Namun Indonesia, seperti halnya Arab Saudi, secara terbuka menyatakan bahwa mereka tidak dapat melanjutkan normalisasi hubungan dengan Israel sampai ada jalur yang jelas bagi negara Palestina.
“Visi apa pun yang terkait dengan Israel harus dimulai dengan pengakuan kemerdekaan dan kedaulatan Palestina,” kata juru bicara Kementerian Luar Negeri Indonesia, Yvonne Mewengkang.
Mungkinkah kesepakatan Trump membuka jalan?
Mungkin ada alasan bagi pemerintah untuk berharap bahwa kesepakatan gencatan senjata telah menciptakan celah bagi Indonesia untuk melunakkan posisinya. Gedung Putih mungkin juga memiliki beberapa kartu yang bisa dimainkan saat mengajukan Subianto.
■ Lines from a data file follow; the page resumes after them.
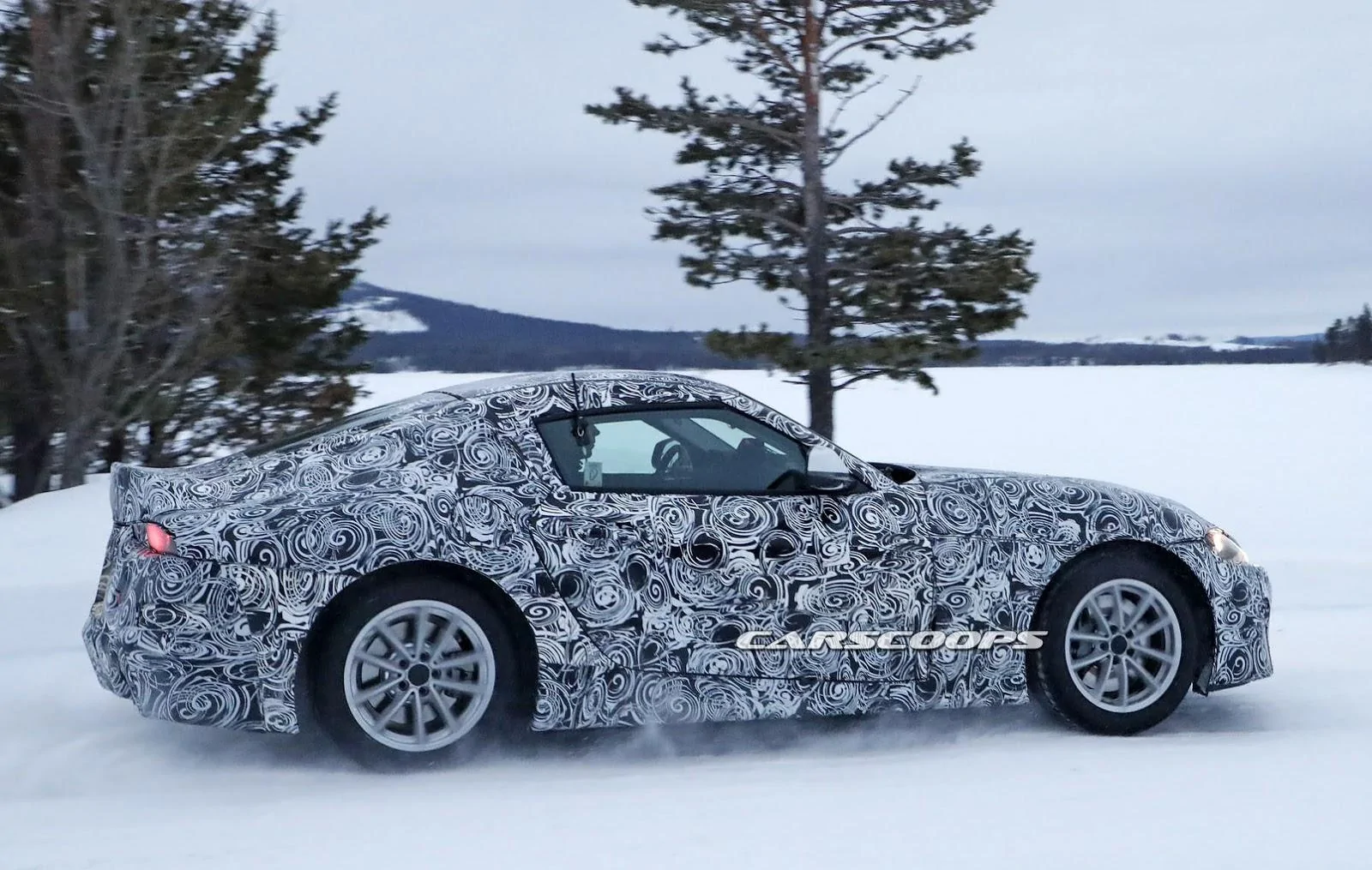 2019-Toyota-Supra-Less-Camo-7.webp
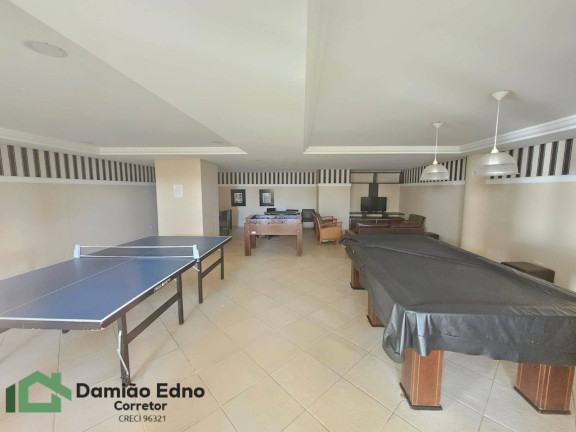 Imagem Apartamento com 3 Quartos à Venda, 161 m² em Jardim Campos Elísios - Jundiaí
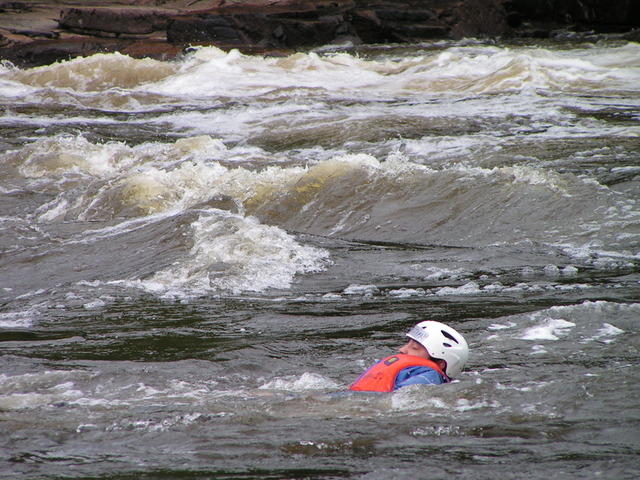 PICT0664.jpg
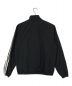 adidas Originals (アディダスオリジナル) BEAMS (ビームス) トラックジャケット ブラック サイズ:SIZE L：9000円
Jakarta sangat ingin bergabung dengan Organisasi untuk Kerja Sama dan Pembangunan Ekonomi (OECD) dan dukungan Trump akan sangat penting. Indonesia memandang bergabung dengan OECD yang beranggotakan 38 negara sebagai peluang untuk meningkatkan profil internasional Indonesia, mengakses pasar baru, dan menarik investasi dari anggota organisasi lainnya.
Investasi AS yang lebih besar dalam industri rare-earth Indonesia juga dapat menarik minat Jakarta, yang memiliki ekonomi 20 besar dunia.
Indonesia telah bertekad untuk mendominasi pasar nikel global, dan saat ini telah menguasai sekitar setengah dari logam yang digunakan di seluruh dunia. Permintaan telah meroket karena produsen mobil membutuhkannya untuk baterai kendaraan listrik dan proyek listrik bersih yang membutuhkan baterai yang lebih besar.
“Kesepakatan transaksional Trump membuka kemungkinan yang mungkin tidak ada sebelumnya,” kata Daniel Shapiro, mantan pejabat tinggi Departemen Luar Negeri AS yang bekerja pada upaya normalisasi Israel-Indonesia selama pemerintahan Biden. “Jika Indonesia memiliki sesuatu yang mereka cari dari Amerika Serikat — baik itu dalam hal keringanan tarif, jenis pengaturan perdagangan lainnya, atau pengaturan keamanan — ini bisa menjadi peluang (normalisasi dengan Israel).”